»»

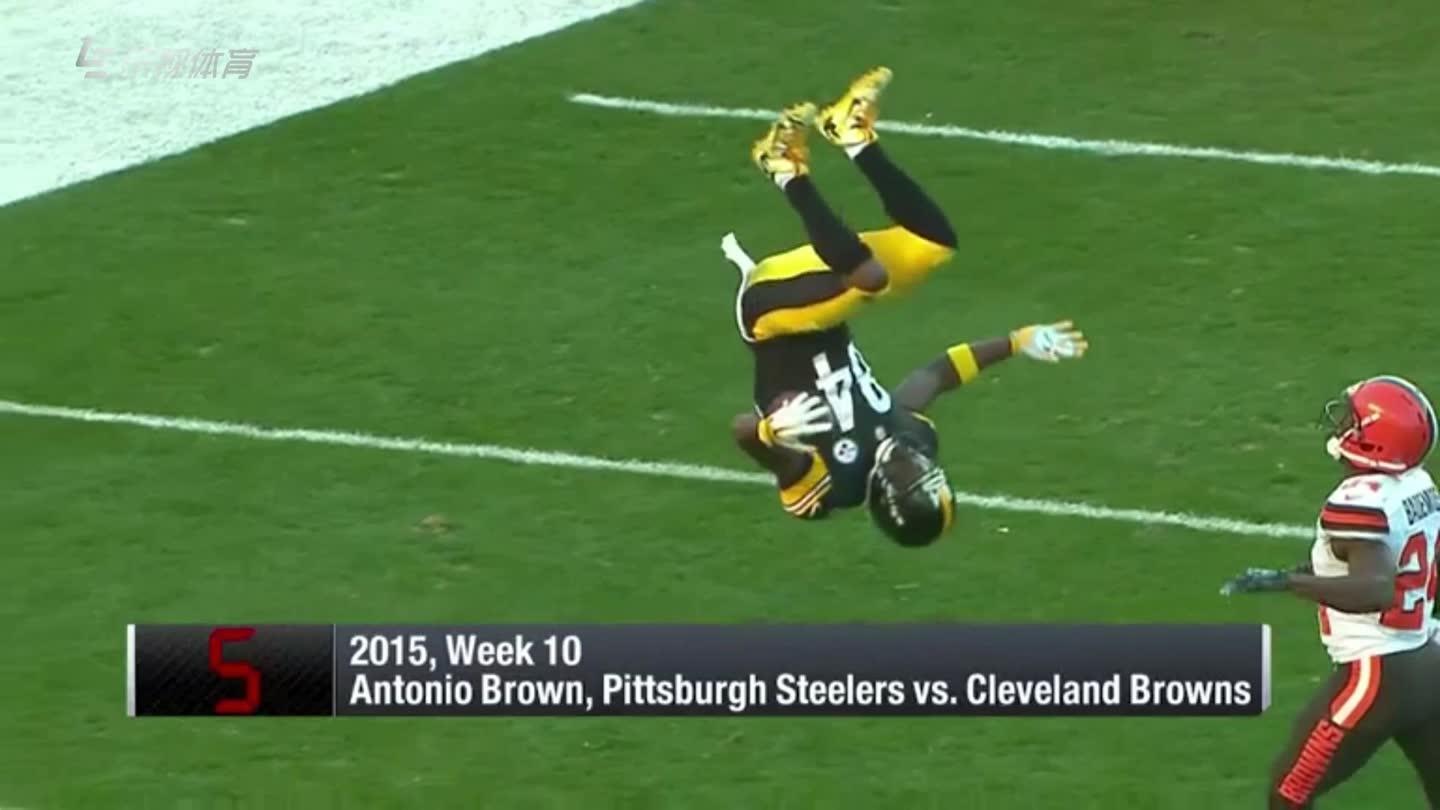 NFL史上十大飞跃达阵 肌肉男上演飞翔特技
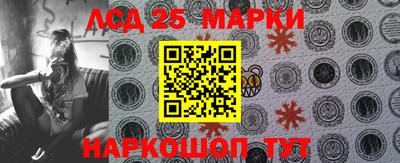 мефедрон мука Берёзовский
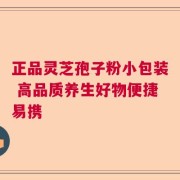 正品灵芝孢子粉小包装 高品质养生好物便捷易携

««

▶ [ABOUT THIS EXERCISE] Set down all of the material word for word, minus its pictures.

▶ [ANSWER BOX]
 NFL史上十大飞跃达阵 肌肉男上演飞翔特技
 мефедрон мука Берёзовский
 正品灵芝孢子粉小包装 高品质养生好物便捷易携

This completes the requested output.